* **DESCRIPTION OF THE TASK**
The listing below holds a line with "istock Hawk bird" and a later line with "Козёл альпийский ч/п и его козлята(г.Пермь)". Write out those two lines and every line between them, exactly, and nothing else.

* **PROVIDED MATERIAL**
==*==

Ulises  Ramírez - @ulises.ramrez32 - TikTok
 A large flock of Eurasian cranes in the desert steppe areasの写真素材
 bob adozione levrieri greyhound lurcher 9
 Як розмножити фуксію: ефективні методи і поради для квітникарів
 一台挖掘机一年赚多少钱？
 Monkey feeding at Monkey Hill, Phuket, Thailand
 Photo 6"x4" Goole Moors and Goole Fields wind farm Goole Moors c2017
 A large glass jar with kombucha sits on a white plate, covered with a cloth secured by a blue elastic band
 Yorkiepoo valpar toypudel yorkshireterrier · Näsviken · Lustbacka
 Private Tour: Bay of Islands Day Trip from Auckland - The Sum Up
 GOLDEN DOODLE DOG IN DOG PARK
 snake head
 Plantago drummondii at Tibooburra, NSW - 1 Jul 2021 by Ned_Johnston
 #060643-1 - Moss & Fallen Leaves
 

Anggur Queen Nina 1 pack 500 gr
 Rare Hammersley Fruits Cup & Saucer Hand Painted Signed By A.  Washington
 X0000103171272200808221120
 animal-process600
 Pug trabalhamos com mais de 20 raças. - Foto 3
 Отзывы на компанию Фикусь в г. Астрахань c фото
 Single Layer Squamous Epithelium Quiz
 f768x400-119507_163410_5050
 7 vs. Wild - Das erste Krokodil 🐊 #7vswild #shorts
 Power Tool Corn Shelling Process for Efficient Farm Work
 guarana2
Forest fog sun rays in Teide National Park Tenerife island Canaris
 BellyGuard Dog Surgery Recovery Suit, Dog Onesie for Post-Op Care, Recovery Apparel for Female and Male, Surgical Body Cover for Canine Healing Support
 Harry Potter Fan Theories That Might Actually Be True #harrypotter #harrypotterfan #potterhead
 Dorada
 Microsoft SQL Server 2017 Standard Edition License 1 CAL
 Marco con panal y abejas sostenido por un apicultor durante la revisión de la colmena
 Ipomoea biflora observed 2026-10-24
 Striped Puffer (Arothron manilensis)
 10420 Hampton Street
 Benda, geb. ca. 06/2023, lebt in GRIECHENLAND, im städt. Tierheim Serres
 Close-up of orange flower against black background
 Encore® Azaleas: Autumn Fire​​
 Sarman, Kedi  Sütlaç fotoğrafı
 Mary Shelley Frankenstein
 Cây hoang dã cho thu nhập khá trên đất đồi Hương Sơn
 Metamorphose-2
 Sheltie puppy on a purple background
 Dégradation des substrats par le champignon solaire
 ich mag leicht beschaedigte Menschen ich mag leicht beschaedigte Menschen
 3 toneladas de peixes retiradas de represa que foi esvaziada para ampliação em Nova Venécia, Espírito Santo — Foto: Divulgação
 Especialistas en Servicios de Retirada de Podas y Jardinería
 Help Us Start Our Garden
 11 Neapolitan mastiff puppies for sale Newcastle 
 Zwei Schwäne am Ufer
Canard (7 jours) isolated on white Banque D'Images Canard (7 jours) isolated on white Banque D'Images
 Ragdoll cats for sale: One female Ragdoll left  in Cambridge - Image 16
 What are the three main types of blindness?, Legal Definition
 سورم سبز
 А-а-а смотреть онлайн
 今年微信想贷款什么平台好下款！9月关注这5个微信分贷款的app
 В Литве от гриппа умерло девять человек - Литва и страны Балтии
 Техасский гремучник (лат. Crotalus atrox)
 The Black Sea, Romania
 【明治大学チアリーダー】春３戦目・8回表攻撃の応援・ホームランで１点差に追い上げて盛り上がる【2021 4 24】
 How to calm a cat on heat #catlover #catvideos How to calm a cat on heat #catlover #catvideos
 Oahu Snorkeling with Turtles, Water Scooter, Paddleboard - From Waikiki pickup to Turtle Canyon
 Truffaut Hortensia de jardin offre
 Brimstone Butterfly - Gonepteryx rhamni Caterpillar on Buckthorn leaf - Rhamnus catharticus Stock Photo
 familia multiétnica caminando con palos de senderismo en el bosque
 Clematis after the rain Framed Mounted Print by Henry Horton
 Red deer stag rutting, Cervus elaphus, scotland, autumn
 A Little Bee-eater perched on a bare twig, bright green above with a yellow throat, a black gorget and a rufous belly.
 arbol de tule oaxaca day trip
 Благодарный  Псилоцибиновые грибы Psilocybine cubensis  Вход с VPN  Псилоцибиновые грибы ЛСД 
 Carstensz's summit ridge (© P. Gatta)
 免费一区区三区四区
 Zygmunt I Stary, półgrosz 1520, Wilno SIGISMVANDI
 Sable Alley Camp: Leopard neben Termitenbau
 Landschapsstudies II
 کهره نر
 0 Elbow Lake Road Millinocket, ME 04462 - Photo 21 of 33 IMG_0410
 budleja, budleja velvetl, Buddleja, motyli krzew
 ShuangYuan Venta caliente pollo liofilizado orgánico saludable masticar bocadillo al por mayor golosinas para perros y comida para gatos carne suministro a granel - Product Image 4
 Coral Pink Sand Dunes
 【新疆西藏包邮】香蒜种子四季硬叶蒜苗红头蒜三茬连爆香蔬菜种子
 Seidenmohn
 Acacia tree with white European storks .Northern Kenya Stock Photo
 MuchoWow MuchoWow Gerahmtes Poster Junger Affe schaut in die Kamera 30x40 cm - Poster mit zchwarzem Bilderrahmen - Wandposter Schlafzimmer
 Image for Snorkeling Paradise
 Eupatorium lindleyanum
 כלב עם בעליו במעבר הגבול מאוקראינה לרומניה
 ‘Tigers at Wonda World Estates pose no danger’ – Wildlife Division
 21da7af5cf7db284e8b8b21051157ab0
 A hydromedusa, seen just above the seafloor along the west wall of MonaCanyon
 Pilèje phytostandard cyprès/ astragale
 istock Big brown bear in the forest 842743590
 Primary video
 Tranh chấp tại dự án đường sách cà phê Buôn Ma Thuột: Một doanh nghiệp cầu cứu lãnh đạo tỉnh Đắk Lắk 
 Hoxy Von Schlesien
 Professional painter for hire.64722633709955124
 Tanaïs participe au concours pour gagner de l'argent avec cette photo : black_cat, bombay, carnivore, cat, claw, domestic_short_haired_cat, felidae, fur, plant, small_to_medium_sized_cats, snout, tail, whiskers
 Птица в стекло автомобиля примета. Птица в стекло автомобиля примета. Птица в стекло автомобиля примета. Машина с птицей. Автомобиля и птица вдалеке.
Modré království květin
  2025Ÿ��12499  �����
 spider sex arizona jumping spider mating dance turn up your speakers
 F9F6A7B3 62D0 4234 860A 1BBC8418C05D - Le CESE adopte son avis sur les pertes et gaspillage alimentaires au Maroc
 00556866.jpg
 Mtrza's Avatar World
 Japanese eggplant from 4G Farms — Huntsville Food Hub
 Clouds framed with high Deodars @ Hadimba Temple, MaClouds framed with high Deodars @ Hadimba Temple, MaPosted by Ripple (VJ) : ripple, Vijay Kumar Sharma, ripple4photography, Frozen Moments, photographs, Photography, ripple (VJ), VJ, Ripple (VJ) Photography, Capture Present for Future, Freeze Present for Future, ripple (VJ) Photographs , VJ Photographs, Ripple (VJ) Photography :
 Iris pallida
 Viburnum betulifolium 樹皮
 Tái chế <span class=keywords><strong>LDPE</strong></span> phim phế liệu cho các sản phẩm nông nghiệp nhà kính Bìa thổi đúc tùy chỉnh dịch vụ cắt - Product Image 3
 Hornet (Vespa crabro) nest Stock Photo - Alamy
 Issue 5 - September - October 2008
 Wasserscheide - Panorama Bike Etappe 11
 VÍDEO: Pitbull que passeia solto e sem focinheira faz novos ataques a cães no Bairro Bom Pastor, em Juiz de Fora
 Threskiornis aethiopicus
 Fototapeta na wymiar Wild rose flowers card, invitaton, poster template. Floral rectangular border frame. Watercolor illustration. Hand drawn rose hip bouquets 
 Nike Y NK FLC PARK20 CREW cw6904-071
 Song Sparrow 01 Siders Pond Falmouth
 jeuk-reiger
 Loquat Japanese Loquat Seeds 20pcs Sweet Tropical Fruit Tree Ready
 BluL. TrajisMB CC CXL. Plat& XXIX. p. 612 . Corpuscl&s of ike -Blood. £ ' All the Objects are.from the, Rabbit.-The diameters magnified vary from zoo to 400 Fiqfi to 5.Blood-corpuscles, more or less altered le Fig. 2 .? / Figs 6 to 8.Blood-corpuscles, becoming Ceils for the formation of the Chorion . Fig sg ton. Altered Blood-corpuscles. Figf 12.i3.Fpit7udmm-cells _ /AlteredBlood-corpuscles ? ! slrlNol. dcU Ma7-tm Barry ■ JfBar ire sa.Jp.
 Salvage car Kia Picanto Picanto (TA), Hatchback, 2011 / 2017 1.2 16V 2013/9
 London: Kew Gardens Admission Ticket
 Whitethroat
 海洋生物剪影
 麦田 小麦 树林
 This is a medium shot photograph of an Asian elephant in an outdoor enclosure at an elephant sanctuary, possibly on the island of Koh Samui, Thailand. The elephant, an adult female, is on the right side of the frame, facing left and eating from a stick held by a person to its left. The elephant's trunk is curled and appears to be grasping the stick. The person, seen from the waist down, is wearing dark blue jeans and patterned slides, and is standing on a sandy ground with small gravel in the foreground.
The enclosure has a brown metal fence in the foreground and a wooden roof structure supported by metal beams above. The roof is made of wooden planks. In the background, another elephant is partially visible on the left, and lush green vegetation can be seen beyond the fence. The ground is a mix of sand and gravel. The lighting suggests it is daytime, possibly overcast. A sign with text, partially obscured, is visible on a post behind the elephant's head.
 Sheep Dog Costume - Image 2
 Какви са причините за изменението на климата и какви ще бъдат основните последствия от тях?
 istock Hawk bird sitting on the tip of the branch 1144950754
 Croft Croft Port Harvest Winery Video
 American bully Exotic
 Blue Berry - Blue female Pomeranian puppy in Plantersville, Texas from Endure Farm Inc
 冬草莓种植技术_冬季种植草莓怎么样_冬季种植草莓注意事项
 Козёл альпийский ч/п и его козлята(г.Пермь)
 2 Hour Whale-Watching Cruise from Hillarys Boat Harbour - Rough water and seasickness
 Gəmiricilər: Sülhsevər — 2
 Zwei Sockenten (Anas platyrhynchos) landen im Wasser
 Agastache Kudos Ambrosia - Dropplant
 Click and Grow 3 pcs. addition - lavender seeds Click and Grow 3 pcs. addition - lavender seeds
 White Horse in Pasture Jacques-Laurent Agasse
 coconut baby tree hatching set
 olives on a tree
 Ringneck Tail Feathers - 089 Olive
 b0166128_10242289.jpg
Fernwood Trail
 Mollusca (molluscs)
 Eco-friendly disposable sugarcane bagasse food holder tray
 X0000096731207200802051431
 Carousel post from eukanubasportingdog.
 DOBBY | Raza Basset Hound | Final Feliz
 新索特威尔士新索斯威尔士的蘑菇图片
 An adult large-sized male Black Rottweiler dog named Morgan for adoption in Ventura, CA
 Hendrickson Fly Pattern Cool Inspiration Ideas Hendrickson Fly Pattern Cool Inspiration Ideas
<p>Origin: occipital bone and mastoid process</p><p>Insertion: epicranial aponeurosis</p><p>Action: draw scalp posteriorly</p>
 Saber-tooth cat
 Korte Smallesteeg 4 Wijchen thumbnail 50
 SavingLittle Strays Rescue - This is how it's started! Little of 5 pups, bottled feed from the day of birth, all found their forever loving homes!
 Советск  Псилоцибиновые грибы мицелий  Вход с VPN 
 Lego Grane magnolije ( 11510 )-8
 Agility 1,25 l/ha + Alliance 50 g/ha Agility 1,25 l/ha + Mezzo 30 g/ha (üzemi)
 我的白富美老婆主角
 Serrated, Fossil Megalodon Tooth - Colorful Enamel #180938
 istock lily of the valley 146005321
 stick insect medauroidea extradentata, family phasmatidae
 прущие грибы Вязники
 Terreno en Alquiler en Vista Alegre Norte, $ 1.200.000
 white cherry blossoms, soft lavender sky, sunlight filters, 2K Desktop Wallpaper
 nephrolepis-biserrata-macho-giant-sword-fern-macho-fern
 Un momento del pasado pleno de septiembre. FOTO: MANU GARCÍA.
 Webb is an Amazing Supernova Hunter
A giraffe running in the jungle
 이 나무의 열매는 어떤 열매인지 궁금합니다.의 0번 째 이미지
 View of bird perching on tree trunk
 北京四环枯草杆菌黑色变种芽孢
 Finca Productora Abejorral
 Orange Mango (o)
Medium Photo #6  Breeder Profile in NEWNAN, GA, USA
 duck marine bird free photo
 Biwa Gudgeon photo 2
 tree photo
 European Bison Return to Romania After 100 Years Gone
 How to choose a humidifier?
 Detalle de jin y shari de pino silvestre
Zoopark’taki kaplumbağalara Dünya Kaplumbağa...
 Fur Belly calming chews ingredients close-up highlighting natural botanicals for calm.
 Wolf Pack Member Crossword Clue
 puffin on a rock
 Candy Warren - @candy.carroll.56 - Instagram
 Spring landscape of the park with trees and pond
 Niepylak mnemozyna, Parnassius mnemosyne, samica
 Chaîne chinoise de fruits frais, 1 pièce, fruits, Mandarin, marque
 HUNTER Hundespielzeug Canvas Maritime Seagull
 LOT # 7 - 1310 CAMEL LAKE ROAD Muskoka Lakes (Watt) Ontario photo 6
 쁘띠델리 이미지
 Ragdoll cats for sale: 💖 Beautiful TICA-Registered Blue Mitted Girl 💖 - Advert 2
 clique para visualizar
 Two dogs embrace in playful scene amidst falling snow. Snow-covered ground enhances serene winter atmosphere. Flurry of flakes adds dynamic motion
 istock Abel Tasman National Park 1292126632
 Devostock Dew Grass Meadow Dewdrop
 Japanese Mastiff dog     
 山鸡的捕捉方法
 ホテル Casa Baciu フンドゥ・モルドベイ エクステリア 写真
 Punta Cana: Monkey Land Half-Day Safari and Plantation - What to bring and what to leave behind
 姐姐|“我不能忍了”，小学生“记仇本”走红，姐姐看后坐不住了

==*==

* **ANSWER TO THIS PROBLEM**
 istock Hawk bird sitting on the tip of the branch 1144950754
 Croft Croft Port Harvest Winery Video
 American bully Exotic
 Blue Berry - Blue female Pomeranian puppy in Plantersville, Texas from Endure Farm Inc
 冬草莓种植技术_冬季种植草莓怎么样_冬季种植草莓注意事项
 Козёл альпийский ч/п и его козлята(г.Пермь)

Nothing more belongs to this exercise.